Custom R Component: Hierarchical Clustering
Clustering is your answer when looking for similarities between records. Often you do not know how many clusters of similar records you have in your data or what makes them similar. There are a number of different algorithms available to answer those questions, this article adds “Hierarchical Clustering” to SAP Predictive Analysis.
Hierarchical Clusters are often used, because they
- help identify how many clusters you want to break your data into.
- can be nicely displayed in charts that help understand the differences between the individual clusters.
Please scroll to the bottom of this page for instructions on implementing this function and for a sample dataset to carry out some first hierarchical clustering. We will look for similarities of how happy people are living in 75 major European cities.
If you are new to creating Custom R Components in SAP Predictive Analysis, you can have a look at this overview to get you started.
Smallprint: When using this code, please carry out your own testing and let me know in case you find any surprises.
The similarity of records is calculated by a multivariate distance measure. To ensure the results do not get distorted, the variances of the measures should be fairly similar. You can check on this with your data in a boxplot. If a transformation is necessary, you can scale the data with this “Hierarchical Clustering” component.
Once the distances have been calculated, there a are number of different methods to carry out the hierarchical clustering. You can switch between these by changing this component’s graphical configuration.
The result is displayed as a chart. The dendogram on the left indicates how different the records and clusters are from each other. The longer the line, the larger the difference. Such a dendogram can be a great help to decide how many clusters you want to work with. Here 5 clusters were asked for. These are indicated by the 5 colours in between the dendogram and the heatmap.
First of all you have to implement add this Custom R Component to SAP Predictive Analysis as described in the “R Code” and “Configuration” chapters below.

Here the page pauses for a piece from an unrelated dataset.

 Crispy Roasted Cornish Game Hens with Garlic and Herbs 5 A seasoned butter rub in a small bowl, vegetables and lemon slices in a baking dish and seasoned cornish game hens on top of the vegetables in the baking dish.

Now load the dataset EuropeanUrbanAudit.csv into SAP Predictive Analysis. The file contains a small part of as perception survey done by Eurostat in 2009 about the quality of life in 75 different European cities. Categories that were asked for are (in abbreviated terms): Affordable Housing, Availability of Good Jobs, Integration of Foreigners, Satisfaction with Public Transport, Cultural Facilities, Sport Facilities and Green Spaces. The number indicates a synthetic index of satisfaction (0-100). So the higher the value, the more satisfied people are.
Now add the new “Hierarchical Clustering” component to your model.

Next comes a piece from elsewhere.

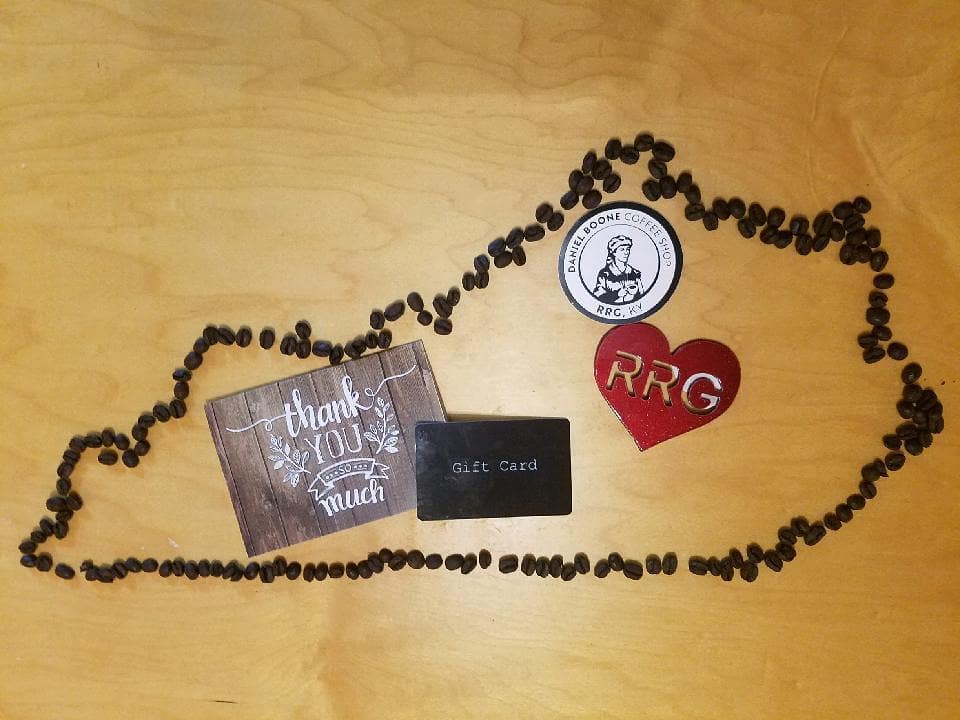 Gift cards for coffee, groceries, cabin rentals in the Red River gorge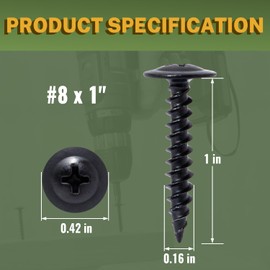 LIONMAX Black Wood Screws #8 x 1 Inch, 200-PCS, Self Tapping Phillips Modified Truss Head Wood Screw, Zinc Plated Rust Resistant, for Woodworking, Home Appliances, Indoor and Outdoor Use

Configure the component. You need to set the following:
- The number of clusters.
- Column that holds a label for each row.

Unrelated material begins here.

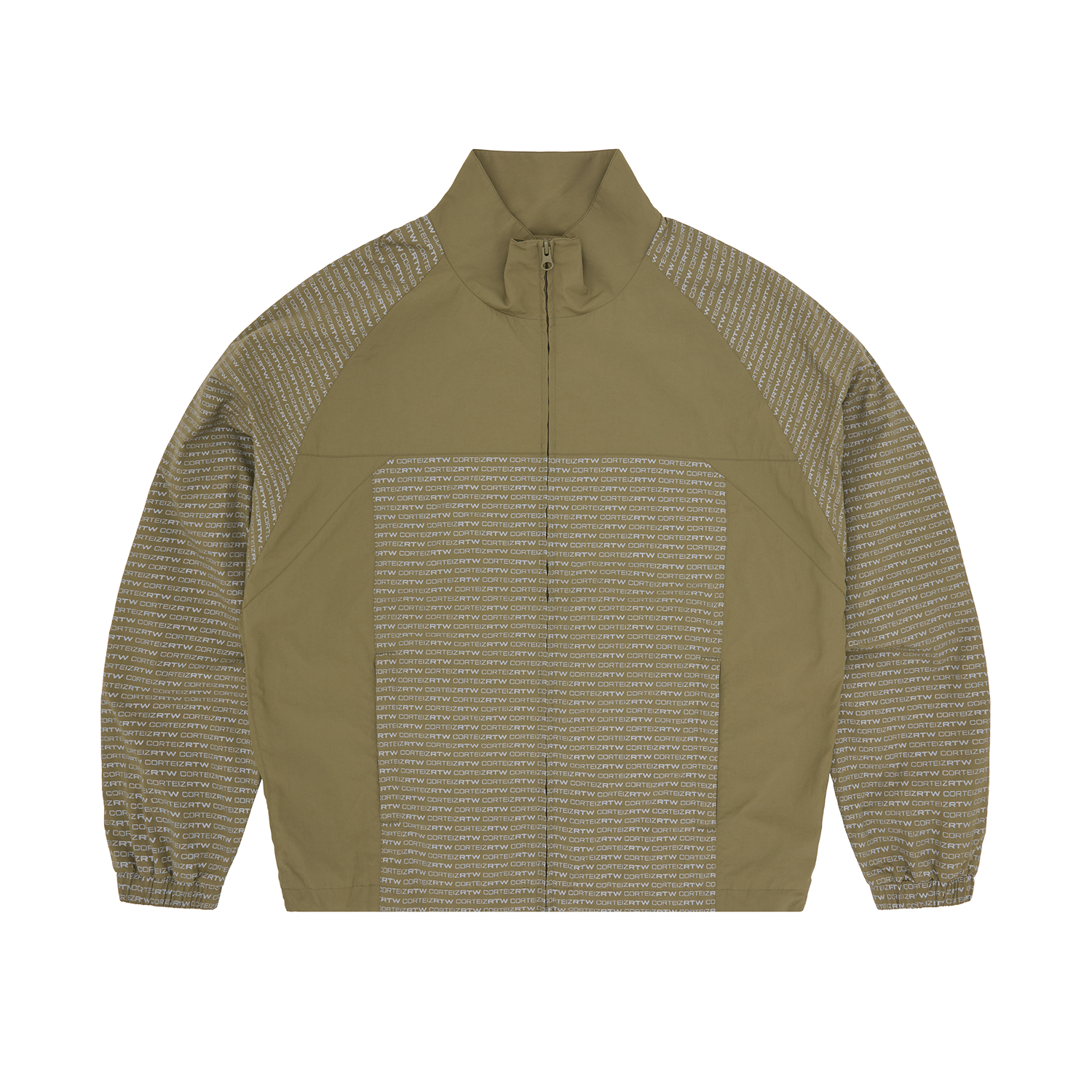 Corteiz Green Nylon Static Shuku Jacket, Olive, front view showing reflective chest branding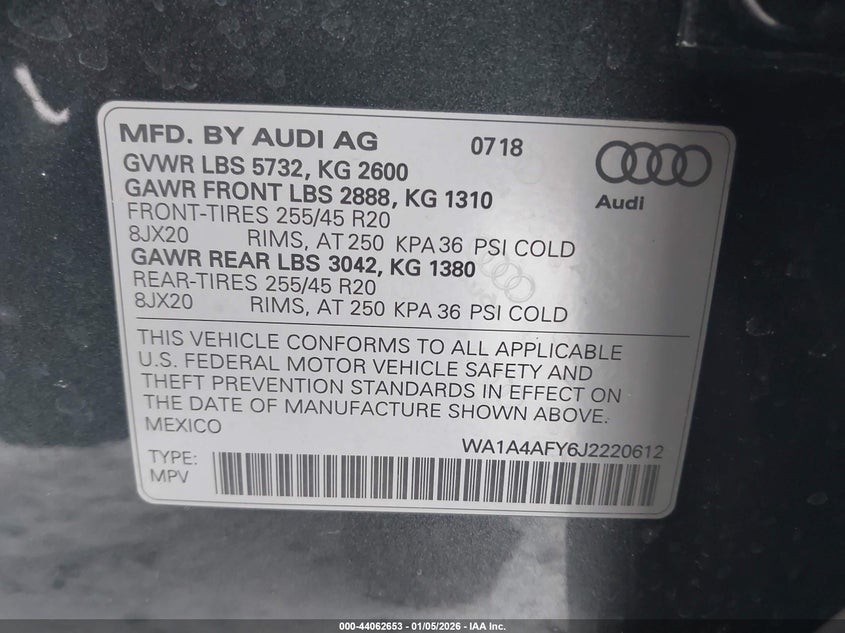 VIN WA1A4AFY6J2220612 2018 AUDI SQ5 3.0T PREMIUM PLUS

- Numerical columns on which the clustering will be based.
- Whether the data needs to be scaled.
- Distance method.
- Hierarchical clustering method.
Run the model to carry out the clustering. You will see a new column with the assigend cluster number has been added.
Click on ‘Charts’ and you see the full image with the results. Each cell indicates the level of happiness for a city by category.
First look at the additional dendogram on top. This shows the similarity between the numerical input column. The two columns on the right are very similar (the length of the connecting line is short). They show Sport Facilities and Green Spaces. So when people are happy with Green Spaces they are also happy with the Sport Facilities, which makes good sense. On the left hand side you see two columns that are very distant. They show Affordable Housig and Good Jobs. That indicates the availability of good jobs pushes up the housing prices, which also makes sense.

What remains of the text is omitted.